BEGIN MATERIAL PROVIDED

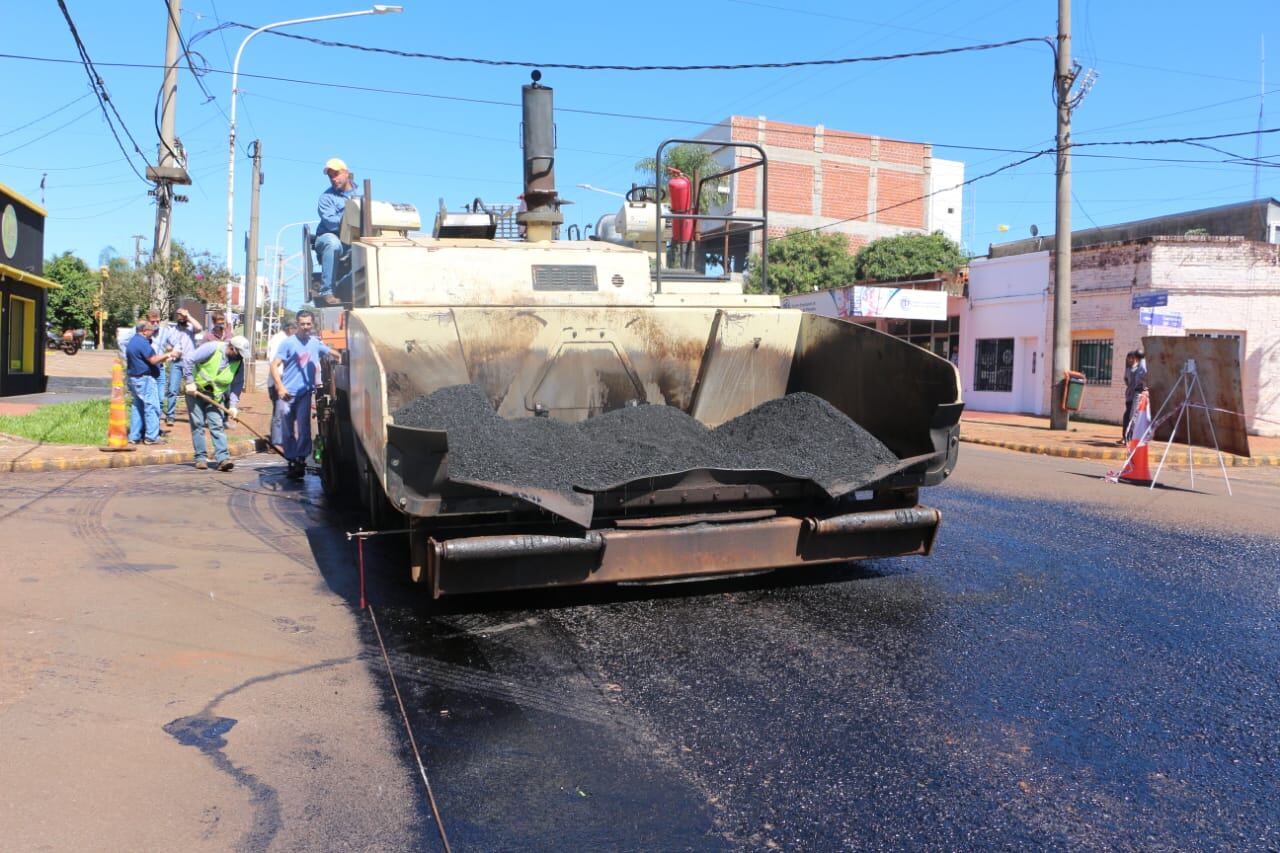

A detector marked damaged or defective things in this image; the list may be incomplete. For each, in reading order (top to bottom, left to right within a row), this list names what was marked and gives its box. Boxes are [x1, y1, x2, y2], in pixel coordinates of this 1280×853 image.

rusty metal panel [1141, 333, 1249, 458]
rusty metal panel [427, 502, 942, 594]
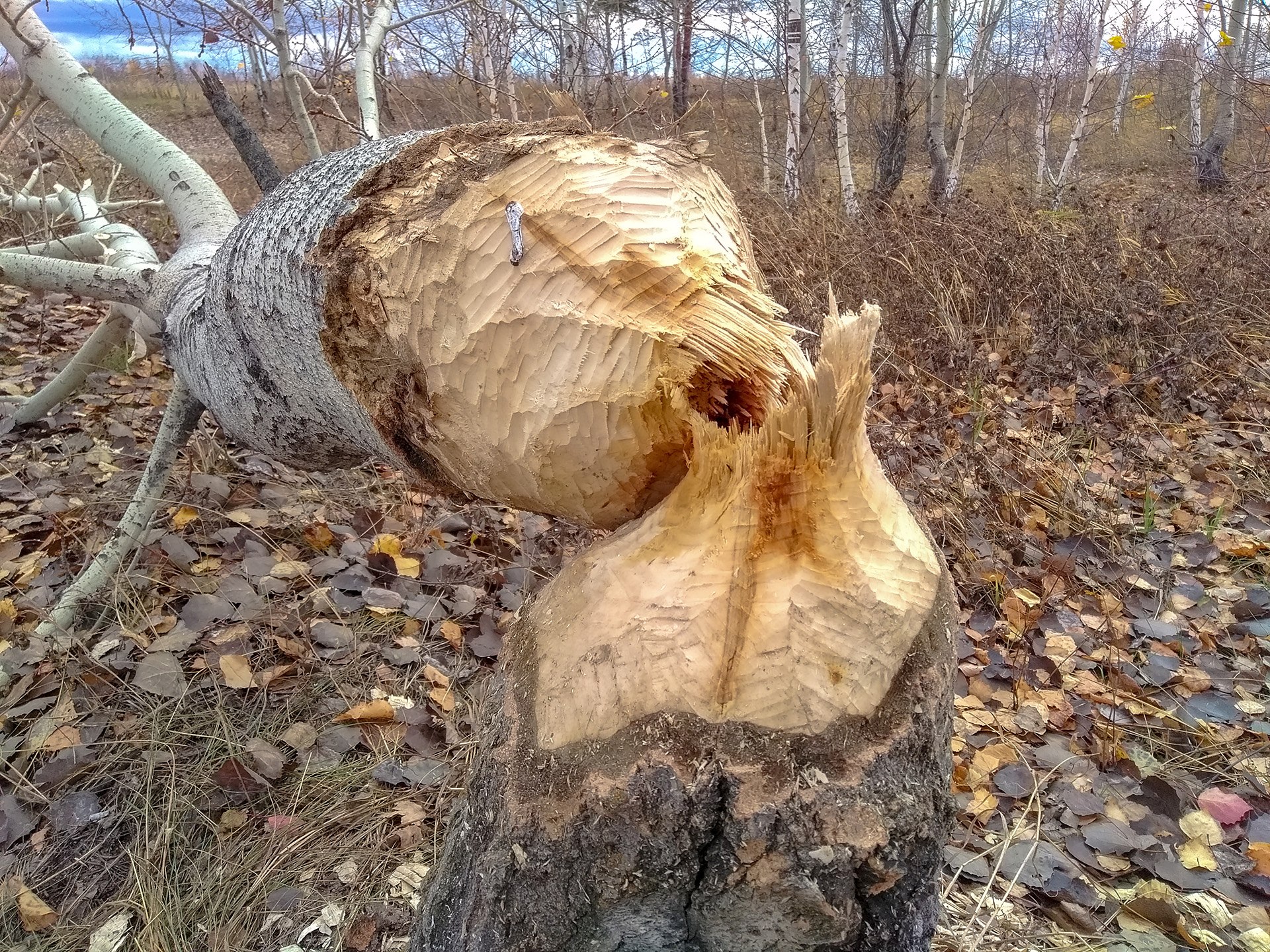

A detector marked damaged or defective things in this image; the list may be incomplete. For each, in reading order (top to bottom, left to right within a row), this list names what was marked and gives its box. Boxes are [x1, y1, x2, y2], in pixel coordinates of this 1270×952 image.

broken wood fibers [312, 118, 802, 530]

END MATERIAL PROVIDED

ASSIGNMENT → Omit the images and transcribe all of the records above word for word.

OUTPUT OF THE TASK →
A detector marked damaged or defective things in this image; the list may be incomplete. For each, in reading order (top to bottom, left to right within a row), this list names what was marked and gives its box. Boxes are [x1, y1, x2, y2], in pixel coordinates of this 1280×853 image.

rusty metal panel [1141, 333, 1249, 458]
rusty metal panel [427, 502, 942, 594]

A detector marked damaged or defective things in this image; the list may be incomplete. For each, in reading order (top to bottom, left to right within a row), this list names what was marked and gives its box. Boxes are [x1, y1, x2, y2], in pixel coordinates of this 1270×952 image.

broken wood fibers [312, 118, 802, 530]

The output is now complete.